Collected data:
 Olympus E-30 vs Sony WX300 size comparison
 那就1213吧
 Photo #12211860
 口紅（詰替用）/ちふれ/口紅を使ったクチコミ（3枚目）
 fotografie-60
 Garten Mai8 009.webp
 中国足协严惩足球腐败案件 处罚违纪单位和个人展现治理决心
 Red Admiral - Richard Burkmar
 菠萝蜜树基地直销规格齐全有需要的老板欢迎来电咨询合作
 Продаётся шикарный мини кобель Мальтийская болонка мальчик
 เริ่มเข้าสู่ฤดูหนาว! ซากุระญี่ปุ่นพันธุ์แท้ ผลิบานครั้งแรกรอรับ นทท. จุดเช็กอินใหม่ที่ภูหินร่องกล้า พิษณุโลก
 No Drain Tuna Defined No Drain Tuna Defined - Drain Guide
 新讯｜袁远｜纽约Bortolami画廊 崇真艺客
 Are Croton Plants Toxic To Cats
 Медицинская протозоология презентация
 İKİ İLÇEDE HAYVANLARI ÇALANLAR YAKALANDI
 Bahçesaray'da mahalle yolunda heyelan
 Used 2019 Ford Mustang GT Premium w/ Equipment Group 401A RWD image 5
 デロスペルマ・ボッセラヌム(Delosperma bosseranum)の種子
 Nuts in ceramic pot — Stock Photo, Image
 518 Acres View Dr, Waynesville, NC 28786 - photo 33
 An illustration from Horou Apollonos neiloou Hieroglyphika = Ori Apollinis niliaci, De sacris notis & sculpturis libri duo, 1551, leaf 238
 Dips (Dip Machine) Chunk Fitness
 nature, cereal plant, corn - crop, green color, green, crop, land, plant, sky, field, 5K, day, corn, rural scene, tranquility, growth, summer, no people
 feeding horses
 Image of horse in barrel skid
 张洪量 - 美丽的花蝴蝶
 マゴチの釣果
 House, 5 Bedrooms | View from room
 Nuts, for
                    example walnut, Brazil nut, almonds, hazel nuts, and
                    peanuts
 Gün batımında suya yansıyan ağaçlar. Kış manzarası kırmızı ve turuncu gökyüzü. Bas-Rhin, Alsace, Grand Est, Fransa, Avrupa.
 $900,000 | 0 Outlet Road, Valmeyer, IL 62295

DESCRIPTION OF THE TASK: Repeat word for word from the line holding "Медицинская протозоология презентация" down to the last line above, including both.

RESPONSE FOR THIS EXERCISE:
 Медицинская протозоология презентация
 İKİ İLÇEDE HAYVANLARI ÇALANLAR YAKALANDI
 Bahçesaray'da mahalle yolunda heyelan
 Used 2019 Ford Mustang GT Premium w/ Equipment Group 401A RWD image 5
 デロスペルマ・ボッセラヌム(Delosperma bosseranum)の種子
 Nuts in ceramic pot — Stock Photo, Image
 518 Acres View Dr, Waynesville, NC 28786 - photo 33
 An illustration from Horou Apollonos neiloou Hieroglyphika = Ori Apollinis niliaci, De sacris notis & sculpturis libri duo, 1551, leaf 238
 Dips (Dip Machine) Chunk Fitness
 nature, cereal plant, corn - crop, green color, green, crop, land, plant, sky, field, 5K, day, corn, rural scene, tranquility, growth, summer, no people
 feeding horses
 Image of horse in barrel skid
 张洪量 - 美丽的花蝴蝶
 マゴチの釣果
 House, 5 Bedrooms | View from room
 Nuts, for
                    example walnut, Brazil nut, almonds, hazel nuts, and
                    peanuts
 Gün batımında suya yansıyan ağaçlar. Kış manzarası kırmızı ve turuncu gökyüzü. Bas-Rhin, Alsace, Grand Est, Fransa, Avrupa.
 $900,000 | 0 Outlet Road, Valmeyer, IL 62295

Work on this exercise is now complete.